According to the SEC’s complaint, Rosenberger engaged in accounting misconduct which resulted in the overstatement of revenue by Synchronoss. The SEC alleged that Rosenberger aided and abetted Synchronoss’s public filing of materially false financial statements with respect to five transactions. Synchronoss later restated and allegedly engaged in fraud with respect to three of them—two transactions with one of Synchronoss’s largest customers and one transaction in which Synchronoss acquired another business. The SEC further alleged that Rosenberger sought to cover up her and Synchronoss’s misconduct by lying to Synchronoss’s auditor in connection with those transactions, falsifying books and records, and by failing to implement or maintain, and circumventing, Synchronoss’s system of accounting controls. The Complaint alleged that the impact of the improper accounting was material, and in certain instances, allowed Synchronoss to meet revenue expectations it otherwise would not have met.

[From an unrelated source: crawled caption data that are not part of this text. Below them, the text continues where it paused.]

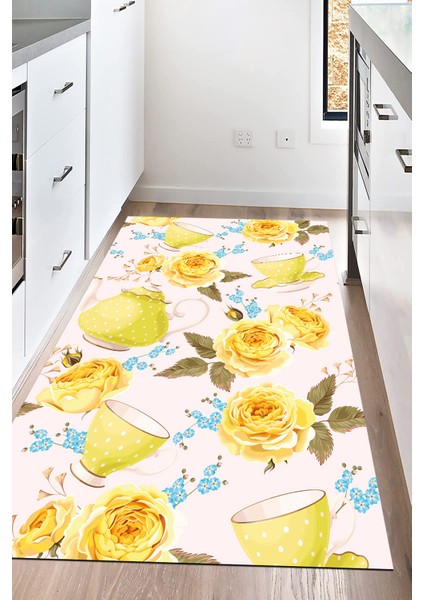 Dijital Baskılı Kaymaz Taban Yıkanabilir Kupa Baskılı Mutfak Halısı NHM-HM-575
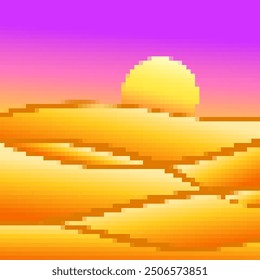 Desert landscape in pixel art style. Sun over sand dunes in the style of 8-bit retro graphics of the 80s and 90s. Pixel desert landscape. Design for printing banners and posters. Vector illustration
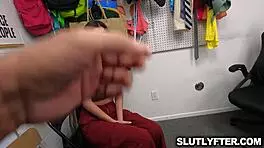 shoplifter aubry babcock shows officer rusty her big ass and pussy to go free from the shop.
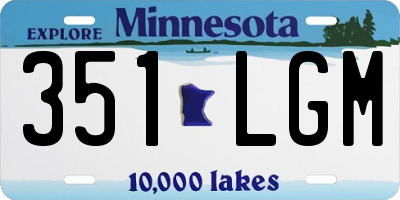 MN license plate 351LGM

The SEC’s complaint charged Rosenberger with violating Sections 10(b) and 13(b)(5) of the Securities Exchange Act of 1934 (the “Exchange Act”) and Rules 10b-5, 13a-14, 13b2-1, and 13b2-2 thereunder; violating Section 304 of the Sarbanes-Oxley Act of 2002 (“SOX”); and aiding and abetting Synchronoss’s violations of Sections 10(b), 13(a), 13(b)(2)(A), and 13(b)(2)(B) of the Exchange Act and Rules 12b-20, 13a-1, 13a-11, and 13a-13 thereunder. On January 26, 2024, the Court granted the SEC’s motion for partial summary judgment against Rosenberger finding that Rosenberger violated numerous provisions of the federal securities laws. Without admitting or denying the allegations of the complaint, Rosenberger consented to a final judgment in which she agreed to be permanently enjoined from violations of the charged provisions, barred from serving as an officer and director, agreed to pay $125,000 in civil monetary penalties, and agreed to reimburse Synchronoss over $430,000 in compensation pursuant to SOX 304. On June 14, 2024, the Court entered the final judgment.

The litigation is being led by Hayden Brockett, Theresa Gue, Lindsay S. Moilanen, and Richard G. Primoff under the supervision of Sheldon L. Pollock and Preethi Krishnamurthy.